Once again, I seek the collective wisdom of the group. So far, I've learned the difference between triangulation and leveling, first and second-order, height and elevation and all kinds of other cool stuff.

One thing I can't track down, what is the difference between a first-order baseline and other first-order triangulation?

The USC&GS annual report for 1943 refers to 110 miles of first-order triangulation, and two first-order base lines at Carcross and across the Takhini River.

Regards,

Anthony

Somebody will give you a fuller answer, I'm sure, but the quick one is that in order to locate things by triangulation (measuring angles) you have to start with some points that are a known distance apart so you can find the length of sides in other triangles.

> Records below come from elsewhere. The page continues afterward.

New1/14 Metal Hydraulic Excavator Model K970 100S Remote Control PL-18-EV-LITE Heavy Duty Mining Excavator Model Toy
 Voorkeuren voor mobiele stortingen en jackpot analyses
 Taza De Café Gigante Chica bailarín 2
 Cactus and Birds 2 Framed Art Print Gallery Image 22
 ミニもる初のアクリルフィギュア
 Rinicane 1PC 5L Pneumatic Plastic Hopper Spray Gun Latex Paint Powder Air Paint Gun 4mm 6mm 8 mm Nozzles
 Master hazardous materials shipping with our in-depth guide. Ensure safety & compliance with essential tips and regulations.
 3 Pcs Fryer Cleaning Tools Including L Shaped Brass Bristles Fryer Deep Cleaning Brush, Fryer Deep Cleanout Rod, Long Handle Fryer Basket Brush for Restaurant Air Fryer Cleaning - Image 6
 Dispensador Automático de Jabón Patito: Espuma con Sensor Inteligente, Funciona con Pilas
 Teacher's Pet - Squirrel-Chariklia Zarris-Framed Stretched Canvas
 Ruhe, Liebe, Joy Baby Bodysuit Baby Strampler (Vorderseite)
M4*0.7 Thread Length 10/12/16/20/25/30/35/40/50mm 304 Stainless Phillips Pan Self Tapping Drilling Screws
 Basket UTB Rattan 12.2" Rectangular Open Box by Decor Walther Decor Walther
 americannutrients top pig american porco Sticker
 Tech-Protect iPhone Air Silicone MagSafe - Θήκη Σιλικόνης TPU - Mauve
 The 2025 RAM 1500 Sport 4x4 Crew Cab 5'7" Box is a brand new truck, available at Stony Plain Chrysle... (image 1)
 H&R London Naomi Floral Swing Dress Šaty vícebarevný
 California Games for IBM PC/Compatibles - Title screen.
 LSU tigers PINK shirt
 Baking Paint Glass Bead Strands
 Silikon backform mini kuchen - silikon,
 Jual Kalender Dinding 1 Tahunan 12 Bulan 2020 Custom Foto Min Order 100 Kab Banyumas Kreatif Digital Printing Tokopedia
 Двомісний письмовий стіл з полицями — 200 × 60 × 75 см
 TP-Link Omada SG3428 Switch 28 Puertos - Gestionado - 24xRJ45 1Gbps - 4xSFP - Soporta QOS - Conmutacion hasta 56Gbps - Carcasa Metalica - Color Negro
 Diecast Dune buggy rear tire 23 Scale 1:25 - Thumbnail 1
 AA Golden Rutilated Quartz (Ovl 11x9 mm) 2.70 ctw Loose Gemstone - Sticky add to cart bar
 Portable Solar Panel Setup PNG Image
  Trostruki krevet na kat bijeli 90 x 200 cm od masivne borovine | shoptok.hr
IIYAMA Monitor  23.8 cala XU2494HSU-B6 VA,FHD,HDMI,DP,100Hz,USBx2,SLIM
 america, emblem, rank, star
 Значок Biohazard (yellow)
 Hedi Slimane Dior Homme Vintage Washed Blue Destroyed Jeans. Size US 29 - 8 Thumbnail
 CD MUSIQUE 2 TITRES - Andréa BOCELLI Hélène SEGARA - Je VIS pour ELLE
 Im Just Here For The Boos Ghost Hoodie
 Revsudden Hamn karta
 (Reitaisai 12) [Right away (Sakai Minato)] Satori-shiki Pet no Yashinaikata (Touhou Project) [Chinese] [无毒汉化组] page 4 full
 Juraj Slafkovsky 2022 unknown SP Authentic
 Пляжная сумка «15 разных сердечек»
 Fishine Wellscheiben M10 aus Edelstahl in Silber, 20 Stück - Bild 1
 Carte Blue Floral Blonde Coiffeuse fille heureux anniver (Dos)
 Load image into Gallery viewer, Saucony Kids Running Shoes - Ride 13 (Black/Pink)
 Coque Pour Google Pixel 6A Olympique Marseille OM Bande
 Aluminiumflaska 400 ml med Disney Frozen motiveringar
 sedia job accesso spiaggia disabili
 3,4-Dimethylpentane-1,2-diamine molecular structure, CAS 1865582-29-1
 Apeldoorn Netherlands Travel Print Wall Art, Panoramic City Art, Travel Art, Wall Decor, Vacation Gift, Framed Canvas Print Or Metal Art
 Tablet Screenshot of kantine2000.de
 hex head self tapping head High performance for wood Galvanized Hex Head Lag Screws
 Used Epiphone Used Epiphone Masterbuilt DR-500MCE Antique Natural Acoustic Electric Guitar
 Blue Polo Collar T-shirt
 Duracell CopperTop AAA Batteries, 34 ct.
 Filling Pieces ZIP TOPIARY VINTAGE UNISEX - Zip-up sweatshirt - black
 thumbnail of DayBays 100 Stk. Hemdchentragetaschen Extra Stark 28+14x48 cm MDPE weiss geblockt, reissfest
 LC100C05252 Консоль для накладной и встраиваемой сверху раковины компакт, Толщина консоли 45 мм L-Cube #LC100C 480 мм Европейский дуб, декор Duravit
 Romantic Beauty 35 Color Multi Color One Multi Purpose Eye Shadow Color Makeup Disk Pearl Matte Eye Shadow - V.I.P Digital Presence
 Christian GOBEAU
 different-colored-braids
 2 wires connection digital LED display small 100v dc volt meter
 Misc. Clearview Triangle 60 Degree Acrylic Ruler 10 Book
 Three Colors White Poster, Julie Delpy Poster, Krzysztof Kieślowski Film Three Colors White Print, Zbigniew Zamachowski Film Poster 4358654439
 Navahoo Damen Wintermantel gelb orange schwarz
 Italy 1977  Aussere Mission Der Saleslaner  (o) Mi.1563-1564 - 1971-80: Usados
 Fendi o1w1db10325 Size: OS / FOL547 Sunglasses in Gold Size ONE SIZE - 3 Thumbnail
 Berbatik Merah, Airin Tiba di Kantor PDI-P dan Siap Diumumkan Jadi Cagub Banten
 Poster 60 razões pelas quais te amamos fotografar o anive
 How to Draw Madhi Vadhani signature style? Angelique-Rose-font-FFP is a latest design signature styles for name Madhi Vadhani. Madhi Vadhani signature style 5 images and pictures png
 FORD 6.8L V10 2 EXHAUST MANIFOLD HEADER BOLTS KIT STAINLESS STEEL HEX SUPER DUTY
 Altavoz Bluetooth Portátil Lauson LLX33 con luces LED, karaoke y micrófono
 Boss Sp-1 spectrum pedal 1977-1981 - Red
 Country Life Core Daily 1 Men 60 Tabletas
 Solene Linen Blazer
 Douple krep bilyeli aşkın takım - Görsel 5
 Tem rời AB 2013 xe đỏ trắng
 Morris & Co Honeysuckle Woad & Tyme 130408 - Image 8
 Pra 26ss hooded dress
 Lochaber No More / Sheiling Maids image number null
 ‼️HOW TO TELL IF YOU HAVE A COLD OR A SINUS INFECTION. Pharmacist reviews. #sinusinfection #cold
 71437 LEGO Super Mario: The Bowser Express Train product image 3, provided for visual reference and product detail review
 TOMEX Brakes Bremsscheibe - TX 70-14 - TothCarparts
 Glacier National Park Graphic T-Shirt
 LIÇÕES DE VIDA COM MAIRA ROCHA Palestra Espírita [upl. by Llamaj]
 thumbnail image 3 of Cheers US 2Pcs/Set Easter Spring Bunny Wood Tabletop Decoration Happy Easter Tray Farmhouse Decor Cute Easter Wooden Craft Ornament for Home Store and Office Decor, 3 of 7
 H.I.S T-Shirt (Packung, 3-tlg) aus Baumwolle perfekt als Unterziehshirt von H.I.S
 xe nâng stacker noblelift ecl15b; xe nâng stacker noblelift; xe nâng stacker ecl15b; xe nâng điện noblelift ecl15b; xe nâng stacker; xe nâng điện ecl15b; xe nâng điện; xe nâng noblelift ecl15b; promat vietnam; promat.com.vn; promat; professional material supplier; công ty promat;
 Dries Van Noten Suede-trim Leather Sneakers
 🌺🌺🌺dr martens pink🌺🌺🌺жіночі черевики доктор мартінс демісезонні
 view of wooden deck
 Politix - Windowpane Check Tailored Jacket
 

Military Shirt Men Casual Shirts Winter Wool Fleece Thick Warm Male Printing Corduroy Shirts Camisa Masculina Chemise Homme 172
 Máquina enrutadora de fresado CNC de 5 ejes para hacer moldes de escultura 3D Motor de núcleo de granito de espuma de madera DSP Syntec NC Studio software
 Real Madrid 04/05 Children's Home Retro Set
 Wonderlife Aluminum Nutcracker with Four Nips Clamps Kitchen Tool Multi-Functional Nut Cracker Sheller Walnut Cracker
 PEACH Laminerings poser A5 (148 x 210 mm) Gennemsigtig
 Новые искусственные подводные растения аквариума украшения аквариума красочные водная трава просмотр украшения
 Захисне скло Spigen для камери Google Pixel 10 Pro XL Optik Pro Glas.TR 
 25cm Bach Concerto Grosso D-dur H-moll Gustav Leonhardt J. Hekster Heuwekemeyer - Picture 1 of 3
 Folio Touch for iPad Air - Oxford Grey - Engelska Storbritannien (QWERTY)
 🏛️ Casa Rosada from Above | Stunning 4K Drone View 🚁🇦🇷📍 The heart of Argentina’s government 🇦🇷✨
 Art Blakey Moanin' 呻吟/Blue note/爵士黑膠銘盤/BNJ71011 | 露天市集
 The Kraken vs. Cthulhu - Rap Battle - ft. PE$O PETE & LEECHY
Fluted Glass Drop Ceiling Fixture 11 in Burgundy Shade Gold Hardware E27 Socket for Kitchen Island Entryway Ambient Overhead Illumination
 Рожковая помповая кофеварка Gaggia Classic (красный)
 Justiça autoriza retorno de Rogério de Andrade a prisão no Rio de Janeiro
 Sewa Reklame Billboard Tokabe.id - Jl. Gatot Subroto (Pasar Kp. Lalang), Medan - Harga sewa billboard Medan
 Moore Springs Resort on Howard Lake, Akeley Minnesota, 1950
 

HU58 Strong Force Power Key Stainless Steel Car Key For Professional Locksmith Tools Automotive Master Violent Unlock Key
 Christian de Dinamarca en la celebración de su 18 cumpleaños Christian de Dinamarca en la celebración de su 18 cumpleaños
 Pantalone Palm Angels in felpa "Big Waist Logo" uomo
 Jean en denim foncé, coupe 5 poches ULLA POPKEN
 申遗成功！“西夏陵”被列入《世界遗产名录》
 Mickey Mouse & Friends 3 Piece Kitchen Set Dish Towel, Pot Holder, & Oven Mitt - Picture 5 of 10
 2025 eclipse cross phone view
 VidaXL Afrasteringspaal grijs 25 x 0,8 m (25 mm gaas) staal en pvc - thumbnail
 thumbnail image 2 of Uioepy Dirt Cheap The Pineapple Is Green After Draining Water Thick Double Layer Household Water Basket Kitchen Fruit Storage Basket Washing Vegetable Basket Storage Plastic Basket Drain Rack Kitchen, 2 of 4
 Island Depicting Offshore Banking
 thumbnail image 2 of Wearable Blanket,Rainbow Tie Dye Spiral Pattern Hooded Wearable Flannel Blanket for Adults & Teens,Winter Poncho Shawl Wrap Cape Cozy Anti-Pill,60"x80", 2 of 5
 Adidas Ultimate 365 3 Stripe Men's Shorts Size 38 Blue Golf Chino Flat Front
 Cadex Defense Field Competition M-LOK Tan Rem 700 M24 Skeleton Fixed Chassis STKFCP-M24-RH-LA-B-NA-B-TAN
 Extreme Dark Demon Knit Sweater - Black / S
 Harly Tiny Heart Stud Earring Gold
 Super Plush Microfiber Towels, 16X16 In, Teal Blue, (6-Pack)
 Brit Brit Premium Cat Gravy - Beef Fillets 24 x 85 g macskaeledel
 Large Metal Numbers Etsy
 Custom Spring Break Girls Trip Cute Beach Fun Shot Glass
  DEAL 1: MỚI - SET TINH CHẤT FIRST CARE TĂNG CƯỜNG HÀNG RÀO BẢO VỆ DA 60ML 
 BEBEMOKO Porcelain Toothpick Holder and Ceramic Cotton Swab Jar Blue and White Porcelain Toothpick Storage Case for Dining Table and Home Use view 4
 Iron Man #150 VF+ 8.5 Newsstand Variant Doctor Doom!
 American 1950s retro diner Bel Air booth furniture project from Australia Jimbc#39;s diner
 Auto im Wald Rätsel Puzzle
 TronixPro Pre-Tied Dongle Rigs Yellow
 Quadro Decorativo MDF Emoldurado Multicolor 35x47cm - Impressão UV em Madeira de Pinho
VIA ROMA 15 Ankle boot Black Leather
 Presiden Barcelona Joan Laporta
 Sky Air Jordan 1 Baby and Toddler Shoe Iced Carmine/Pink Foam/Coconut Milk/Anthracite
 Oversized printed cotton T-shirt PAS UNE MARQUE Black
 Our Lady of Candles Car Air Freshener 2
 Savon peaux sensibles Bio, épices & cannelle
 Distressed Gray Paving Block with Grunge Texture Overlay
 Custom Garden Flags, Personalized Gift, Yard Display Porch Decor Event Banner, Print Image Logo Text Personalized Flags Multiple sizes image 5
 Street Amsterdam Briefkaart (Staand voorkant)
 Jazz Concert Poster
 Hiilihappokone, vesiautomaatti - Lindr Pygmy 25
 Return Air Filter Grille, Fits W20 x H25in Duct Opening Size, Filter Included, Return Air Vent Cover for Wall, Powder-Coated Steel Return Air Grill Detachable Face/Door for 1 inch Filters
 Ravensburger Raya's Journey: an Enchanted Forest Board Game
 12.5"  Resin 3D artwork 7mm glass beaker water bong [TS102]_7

So they go out with precision tape or precision electronic distance measuring equipment and carefully measure a baseline (or two) to refer all the rest of the triangles against.

Look at this image of an old triangulations diagram. See the black line at Helps SE Base and Helps NW Base (destroyed)? Its one of the Base Line that are presision measured, usually along a straight stretch of road or R/R (this one along state hwy 69). All the other line are computed based on this measured distance. The meaured distance gives more strenght to the figure and the computations. There is a rule on how far apart B.L.'s are established but I don't have that info.

So, you search for marks with BASE in the designation.

btw-those highlighted marks I have been to in the past 30 yrs (work).

I wish I could post this complete image but its huge and I can't get the detail.

On this larger view, you can see other dark lines indications other B.L.'s...

Edited by Z15

As to the standard tape. The official way is to send the tape (usually survey type) to NIST and for a particular fee they will give you a calibration report and certification.

Some survey supply houses may also be able to do it. For example:

Warren-Knight

NIST Calibrations

- jlw

Whats more, just having a cerified tape is still no guaranty of an accurate measurement. Temperature at time of measure (at both ends of tape, the amount of tension applied to the tape to meaure the distance and weather the tape was supported all contribute to an accuracte measurement. Precision taping is an art, not many will do it correctly and get the most accurate distance.

The tape is standardized a 68°F, a difference of 15° will mean a difference of =/-0.01 ft/100ft tape. So you have to record the temp at each measurement and compute the distance. Not an easy task as many would think.